A gathering Tuesday in the Compton City Council chambers of reform-minded citizens was nothing new — in fact, it‘s been routine in such chambers for some time now, at least since the local election season kicked off earlier this year. But considering that Mayor Omar Bradley’s latest power move has been to boycott council meetings to avoid growing criticism and, in the process, shut down city government, the event was more than significant. Dubbed a town-hall meeting by councilwomen Yvonne Arceneaux and Marcine Shaw — the two council members who are not part of the mayor‘s voting bloc — the gathering might not have mattered technically, but it more than made its point. “We’ve been through censorship for too long,” said Shaw to an enthusiastic audience of 100-plus. “We‘ve lived too long with it. This is your chance to talk.”

Bradley has long been known for using harsh language, and somewhat stronger methods, to counter his critics, so his disappearance from public view without so much as a goodbye caught even veteran Compton observers by surprise. This wouldn’t be so encumbering except that when the mayor vanished, he took with him the two members of his voting bloc, his aunt Delores Zurita and newcomer Amen Rahh. That left the council without a quorum or any power to act, and the Compton public without the opportunity to be heard.

It was, in fact, the public that drove Bradley out of council chambers on April 3, the date of the last meeting. With the election season at a fever pitch (Compton‘s primary is next Tuesday) and speculation mounting over various alleged Bradley improprieties — a publicly detailed sexual-harassment complaint being chief among them — council chambers had more than the usual number of people asking the mayor tough questions. Toward the end of the meeting, according to Yvonne Arceneaux, Bradley abruptly stood up, motioned to Zurita and left with her trailing close behind; Rahh followed suit a few minutes after. Then Tuesday’s meeting, the last one before the election, was canceled by the same council majority that staged the walkout. Arceneaux and others say it is clearly the mayor‘s intent to duck the tough questions until after the election. Determined to keep voices of dissent alive, she and Councilwoman Shaw hosted the town-hall meeting after Arceneaux got clearance from the City Attorney’s Office — despite attempts by the Bradley majority to block it. “This was a chance just to let people speak,” said Arceneaux, who is running for re-election. The councilwoman also noted that Channel 36, the local government channel, had blacked out the audience-comment portion of its broadcast of the April 3 meeting, making the town-hall event that much more needed.

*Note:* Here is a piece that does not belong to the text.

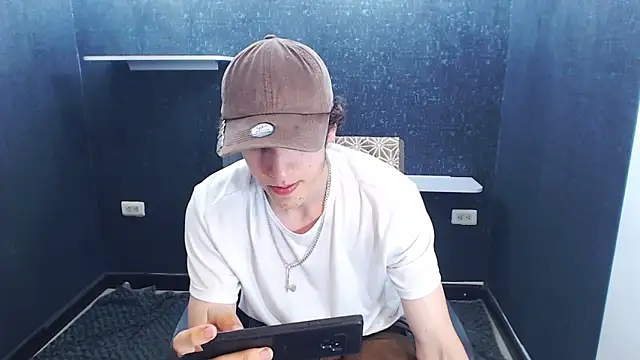 Kerverr  online show from 11/25/25, 07:36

To a row of empty council seats the audience addressed concerns about everything from censorship to the efficacy of the Sheriff‘s deputies, newly signed on after Bradley led the dissolution last year of the Compton Police Department. (The cop presence at the meeting was formidable — a half-dozen deputies and several security guards, a response to fears of trouble from the Bradley camp.) People speculated about the Monday break-in at the Compton Bulletin, a local paper that issued a scathing editorial about Bradley only last week. The most impassioned comments came from Mae Thomas; she, like many who spoke, has been a Compton resident for more than 40 years. Thomas has lost two children to violence in the city, but she directed most of her anger and indignation at this year’s election shenanigans, to strong-arm tactics embodied by Bradley, and, especially, to fellow citizens who are thinking of sitting this election out. “Don‘t you have the courage to fight back?” Thomas shouted, to lively applause. “No way am I going to fear any man. Don’t let anyone stop you from doing what‘s right. The streets are beautiful, but don’t give credit to any one person. Tell your neighbors, your family, to vote!”

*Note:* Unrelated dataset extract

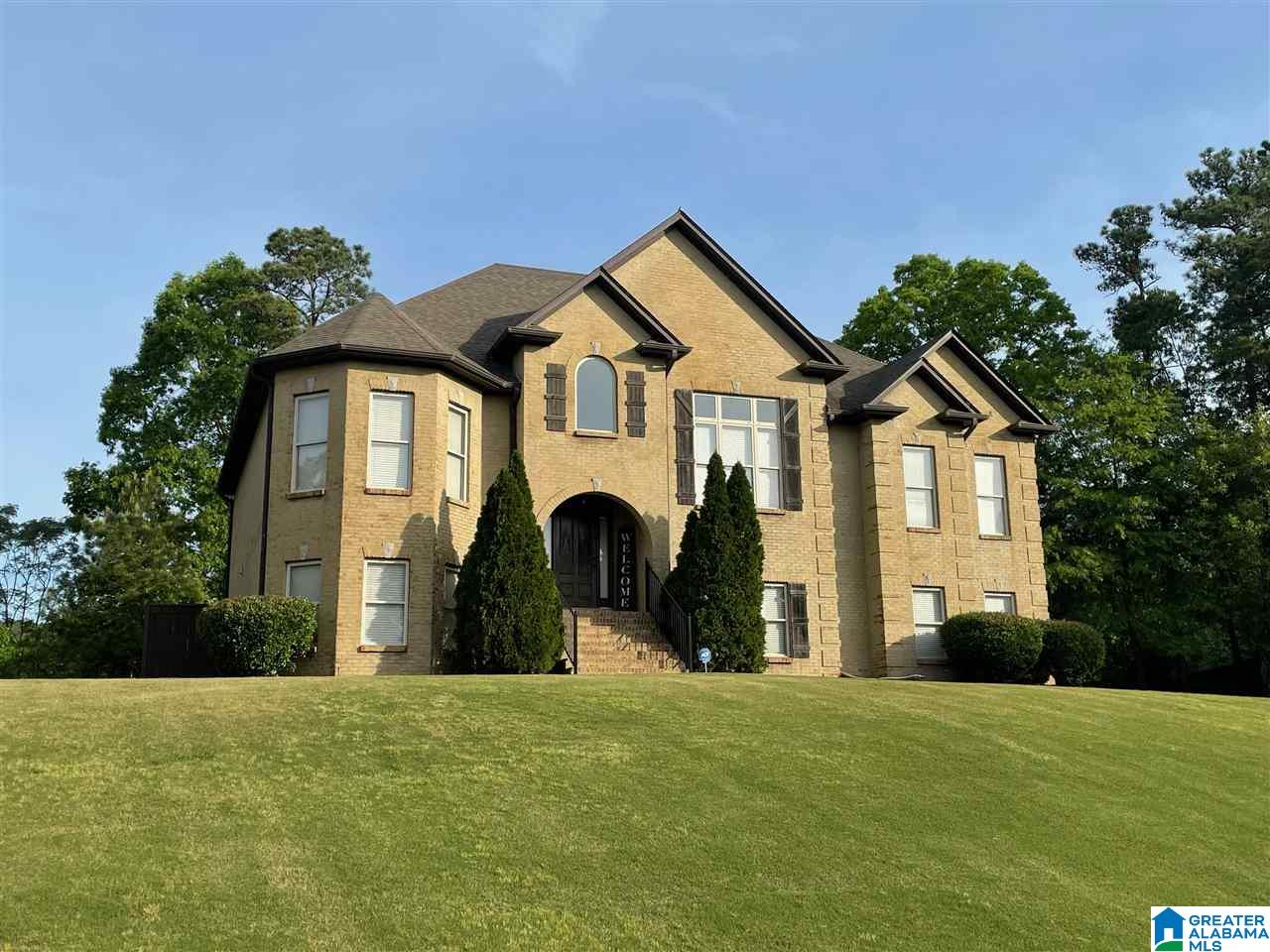 204 Legacy Parc Circle Pelham, AL 35124 - Photo 2 of 50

Thomas reflects a new boldness in Compton, a willingness to speak out where people once might have looked the other way. Papers that have generally avoided voicing opinions about Compton have broken their silence this year: The Long Beach Press-Telegram endorsed Eric Perrodin, not Bradley, as well as Arceneaux against her Bradley-backed opponent, Frank Wheaton; the Los Angeles Sentinel recently ran a story on its front page about allegations against Bradley. Thomas, in her remarks, also criticized another local paper, the Compton Journal, which gets city money and is generally considered a Bradley mouthpiece; the Journal published an endorsement by Maxine Waters of Bradley that Thomas said was merely another dirty trick. The Reverend B.T. Newman, a member of the reformist group Pastors for Compton, was glad about the meeting but wondered aloud about its real impact. “What is our purpose today?” he asked Arceneaux. “Is this cancellation, and this event, a normal proceeding?” In Compton, that‘s the million-dollar question to ask about everything.